§ **TRY IT**:
Your output should be every line below, copied exactly.

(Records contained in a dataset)
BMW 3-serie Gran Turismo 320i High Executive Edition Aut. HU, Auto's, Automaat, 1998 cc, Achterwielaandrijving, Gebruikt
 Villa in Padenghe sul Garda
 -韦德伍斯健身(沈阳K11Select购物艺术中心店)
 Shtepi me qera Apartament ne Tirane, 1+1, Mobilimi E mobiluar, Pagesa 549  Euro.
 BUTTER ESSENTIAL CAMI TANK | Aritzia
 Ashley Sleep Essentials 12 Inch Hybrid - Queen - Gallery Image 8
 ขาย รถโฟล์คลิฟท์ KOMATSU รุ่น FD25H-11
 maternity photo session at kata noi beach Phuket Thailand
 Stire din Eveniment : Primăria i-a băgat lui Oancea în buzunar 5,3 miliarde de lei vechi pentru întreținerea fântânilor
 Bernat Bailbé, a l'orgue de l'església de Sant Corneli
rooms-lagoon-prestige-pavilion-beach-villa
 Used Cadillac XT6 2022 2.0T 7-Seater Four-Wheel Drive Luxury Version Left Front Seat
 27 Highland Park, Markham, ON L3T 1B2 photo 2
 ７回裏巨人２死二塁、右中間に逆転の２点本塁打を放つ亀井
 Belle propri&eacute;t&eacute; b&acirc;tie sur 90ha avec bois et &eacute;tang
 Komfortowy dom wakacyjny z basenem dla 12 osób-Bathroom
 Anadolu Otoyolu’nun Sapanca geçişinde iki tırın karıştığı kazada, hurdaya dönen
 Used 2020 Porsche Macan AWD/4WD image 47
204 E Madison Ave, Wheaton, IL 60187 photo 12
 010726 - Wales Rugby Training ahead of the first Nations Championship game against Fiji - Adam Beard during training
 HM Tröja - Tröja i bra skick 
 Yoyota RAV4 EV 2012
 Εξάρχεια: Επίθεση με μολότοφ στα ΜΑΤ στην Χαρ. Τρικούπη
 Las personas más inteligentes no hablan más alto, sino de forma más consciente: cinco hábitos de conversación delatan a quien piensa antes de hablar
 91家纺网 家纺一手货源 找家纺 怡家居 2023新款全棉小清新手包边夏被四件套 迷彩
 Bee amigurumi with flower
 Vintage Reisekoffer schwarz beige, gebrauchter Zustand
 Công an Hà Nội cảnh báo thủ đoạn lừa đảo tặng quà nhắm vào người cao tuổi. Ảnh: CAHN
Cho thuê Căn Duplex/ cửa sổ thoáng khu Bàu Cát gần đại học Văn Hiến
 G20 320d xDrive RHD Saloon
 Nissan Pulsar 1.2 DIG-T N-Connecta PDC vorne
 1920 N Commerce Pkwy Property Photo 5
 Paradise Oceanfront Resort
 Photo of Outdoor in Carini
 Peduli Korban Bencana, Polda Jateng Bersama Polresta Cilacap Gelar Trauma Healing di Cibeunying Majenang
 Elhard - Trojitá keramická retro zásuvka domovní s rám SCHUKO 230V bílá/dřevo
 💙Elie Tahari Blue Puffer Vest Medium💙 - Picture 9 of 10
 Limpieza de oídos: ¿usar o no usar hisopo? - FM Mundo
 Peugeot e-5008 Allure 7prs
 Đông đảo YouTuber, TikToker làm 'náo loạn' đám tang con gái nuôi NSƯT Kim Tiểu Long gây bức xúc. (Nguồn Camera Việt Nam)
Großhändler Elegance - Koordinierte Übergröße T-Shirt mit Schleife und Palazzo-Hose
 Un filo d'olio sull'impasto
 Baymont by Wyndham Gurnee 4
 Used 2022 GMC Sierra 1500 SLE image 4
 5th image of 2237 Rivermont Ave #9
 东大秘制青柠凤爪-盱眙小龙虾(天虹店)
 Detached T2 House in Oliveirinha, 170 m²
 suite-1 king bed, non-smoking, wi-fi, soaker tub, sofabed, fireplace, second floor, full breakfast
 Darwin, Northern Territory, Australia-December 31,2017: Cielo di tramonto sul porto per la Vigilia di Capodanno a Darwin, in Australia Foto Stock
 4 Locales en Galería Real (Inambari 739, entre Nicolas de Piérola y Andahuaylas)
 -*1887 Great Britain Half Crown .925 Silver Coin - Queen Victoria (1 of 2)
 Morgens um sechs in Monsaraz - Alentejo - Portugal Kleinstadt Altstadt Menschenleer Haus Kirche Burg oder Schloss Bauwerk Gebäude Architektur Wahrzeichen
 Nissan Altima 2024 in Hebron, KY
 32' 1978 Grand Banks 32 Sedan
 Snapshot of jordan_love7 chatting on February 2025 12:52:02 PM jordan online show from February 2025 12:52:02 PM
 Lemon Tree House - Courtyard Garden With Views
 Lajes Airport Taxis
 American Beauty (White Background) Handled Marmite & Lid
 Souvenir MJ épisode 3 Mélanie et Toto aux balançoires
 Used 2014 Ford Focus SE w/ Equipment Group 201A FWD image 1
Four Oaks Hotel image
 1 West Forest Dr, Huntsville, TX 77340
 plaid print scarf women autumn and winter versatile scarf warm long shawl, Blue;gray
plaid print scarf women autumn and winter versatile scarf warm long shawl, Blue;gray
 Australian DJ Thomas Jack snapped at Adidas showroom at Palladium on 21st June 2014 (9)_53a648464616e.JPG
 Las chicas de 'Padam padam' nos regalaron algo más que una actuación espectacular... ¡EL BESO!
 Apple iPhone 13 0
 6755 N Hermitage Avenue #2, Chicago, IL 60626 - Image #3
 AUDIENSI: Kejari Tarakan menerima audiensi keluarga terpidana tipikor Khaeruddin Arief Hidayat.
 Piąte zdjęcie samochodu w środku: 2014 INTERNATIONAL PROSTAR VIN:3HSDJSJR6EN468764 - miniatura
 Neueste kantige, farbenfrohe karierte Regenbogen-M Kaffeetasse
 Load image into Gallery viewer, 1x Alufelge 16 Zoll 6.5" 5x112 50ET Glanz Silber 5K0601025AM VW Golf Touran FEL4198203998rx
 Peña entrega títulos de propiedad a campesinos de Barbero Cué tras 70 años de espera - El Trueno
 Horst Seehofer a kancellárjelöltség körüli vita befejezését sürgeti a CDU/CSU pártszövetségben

§ **REPLY**:
BMW 3-serie Gran Turismo 320i High Executive Edition Aut. HU, Auto's, Automaat, 1998 cc, Achterwielaandrijving, Gebruikt
 Villa in Padenghe sul Garda
 -韦德伍斯健身(沈阳K11Select购物艺术中心店)
 Shtepi me qera Apartament ne Tirane, 1+1, Mobilimi E mobiluar, Pagesa 549  Euro.
 BUTTER ESSENTIAL CAMI TANK | Aritzia
 Ashley Sleep Essentials 12 Inch Hybrid - Queen - Gallery Image 8
 ขาย รถโฟล์คลิฟท์ KOMATSU รุ่น FD25H-11
 maternity photo session at kata noi beach Phuket Thailand
 Stire din Eveniment : Primăria i-a băgat lui Oancea în buzunar 5,3 miliarde de lei vechi pentru întreținerea fântânilor
 Bernat Bailbé, a l'orgue de l'església de Sant Corneli
rooms-lagoon-prestige-pavilion-beach-villa
 Used Cadillac XT6 2022 2.0T 7-Seater Four-Wheel Drive Luxury Version Left Front Seat
 27 Highland Park, Markham, ON L3T 1B2 photo 2
 ７回裏巨人２死二塁、右中間に逆転の２点本塁打を放つ亀井
 Belle propri&eacute;t&eacute; b&acirc;tie sur 90ha avec bois et &eacute;tang
 Komfortowy dom wakacyjny z basenem dla 12 osób-Bathroom
 Anadolu Otoyolu’nun Sapanca geçişinde iki tırın karıştığı kazada, hurdaya dönen
 Used 2020 Porsche Macan AWD/4WD image 47
204 E Madison Ave, Wheaton, IL 60187 photo 12
 010726 - Wales Rugby Training ahead of the first Nations Championship game against Fiji - Adam Beard during training
 HM Tröja - Tröja i bra skick 
 Yoyota RAV4 EV 2012
 Εξάρχεια: Επίθεση με μολότοφ στα ΜΑΤ στην Χαρ. Τρικούπη
 Las personas más inteligentes no hablan más alto, sino de forma más consciente: cinco hábitos de conversación delatan a quien piensa antes de hablar
 91家纺网 家纺一手货源 找家纺 怡家居 2023新款全棉小清新手包边夏被四件套 迷彩
 Bee amigurumi with flower
 Vintage Reisekoffer schwarz beige, gebrauchter Zustand
 Công an Hà Nội cảnh báo thủ đoạn lừa đảo tặng quà nhắm vào người cao tuổi. Ảnh: CAHN
Cho thuê Căn Duplex/ cửa sổ thoáng khu Bàu Cát gần đại học Văn Hiến
 G20 320d xDrive RHD Saloon
 Nissan Pulsar 1.2 DIG-T N-Connecta PDC vorne
 1920 N Commerce Pkwy Property Photo 5
 Paradise Oceanfront Resort
 Photo of Outdoor in Carini
 Peduli Korban Bencana, Polda Jateng Bersama Polresta Cilacap Gelar Trauma Healing di Cibeunying Majenang
 Elhard - Trojitá keramická retro zásuvka domovní s rám SCHUKO 230V bílá/dřevo
 💙Elie Tahari Blue Puffer Vest Medium💙 - Picture 9 of 10
 Limpieza de oídos: ¿usar o no usar hisopo? - FM Mundo
 Peugeot e-5008 Allure 7prs
 Đông đảo YouTuber, TikToker làm 'náo loạn' đám tang con gái nuôi NSƯT Kim Tiểu Long gây bức xúc. (Nguồn Camera Việt Nam)
Großhändler Elegance - Koordinierte Übergröße T-Shirt mit Schleife und Palazzo-Hose
 Un filo d'olio sull'impasto
 Baymont by Wyndham Gurnee 4
 Used 2022 GMC Sierra 1500 SLE image 4
 5th image of 2237 Rivermont Ave #9
 东大秘制青柠凤爪-盱眙小龙虾(天虹店)
 Detached T2 House in Oliveirinha, 170 m²
 suite-1 king bed, non-smoking, wi-fi, soaker tub, sofabed, fireplace, second floor, full breakfast
 Darwin, Northern Territory, Australia-December 31,2017: Cielo di tramonto sul porto per la Vigilia di Capodanno a Darwin, in Australia Foto Stock
 4 Locales en Galería Real (Inambari 739, entre Nicolas de Piérola y Andahuaylas)
 -*1887 Great Britain Half Crown .925 Silver Coin - Queen Victoria (1 of 2)
 Morgens um sechs in Monsaraz - Alentejo - Portugal Kleinstadt Altstadt Menschenleer Haus Kirche Burg oder Schloss Bauwerk Gebäude Architektur Wahrzeichen
 Nissan Altima 2024 in Hebron, KY
 32' 1978 Grand Banks 32 Sedan
 Snapshot of jordan_love7 chatting on February 2025 12:52:02 PM jordan online show from February 2025 12:52:02 PM
 Lemon Tree House - Courtyard Garden With Views
 Lajes Airport Taxis
 American Beauty (White Background) Handled Marmite & Lid
 Souvenir MJ épisode 3 Mélanie et Toto aux balançoires
 Used 2014 Ford Focus SE w/ Equipment Group 201A FWD image 1
Four Oaks Hotel image
 1 West Forest Dr, Huntsville, TX 77340
 plaid print scarf women autumn and winter versatile scarf warm long shawl, Blue;gray
plaid print scarf women autumn and winter versatile scarf warm long shawl, Blue;gray
 Australian DJ Thomas Jack snapped at Adidas showroom at Palladium on 21st June 2014 (9)_53a648464616e.JPG
 Las chicas de 'Padam padam' nos regalaron algo más que una actuación espectacular... ¡EL BESO!
 Apple iPhone 13 0
 6755 N Hermitage Avenue #2, Chicago, IL 60626 - Image #3
 AUDIENSI: Kejari Tarakan menerima audiensi keluarga terpidana tipikor Khaeruddin Arief Hidayat.
 Piąte zdjęcie samochodu w środku: 2014 INTERNATIONAL PROSTAR VIN:3HSDJSJR6EN468764 - miniatura
 Neueste kantige, farbenfrohe karierte Regenbogen-M Kaffeetasse
 Load image into Gallery viewer, 1x Alufelge 16 Zoll 6.5" 5x112 50ET Glanz Silber 5K0601025AM VW Golf Touran FEL4198203998rx
 Peña entrega títulos de propiedad a campesinos de Barbero Cué tras 70 años de espera - El Trueno
 Horst Seehofer a kancellárjelöltség körüli vita befejezését sürgeti a CDU/CSU pártszövetségben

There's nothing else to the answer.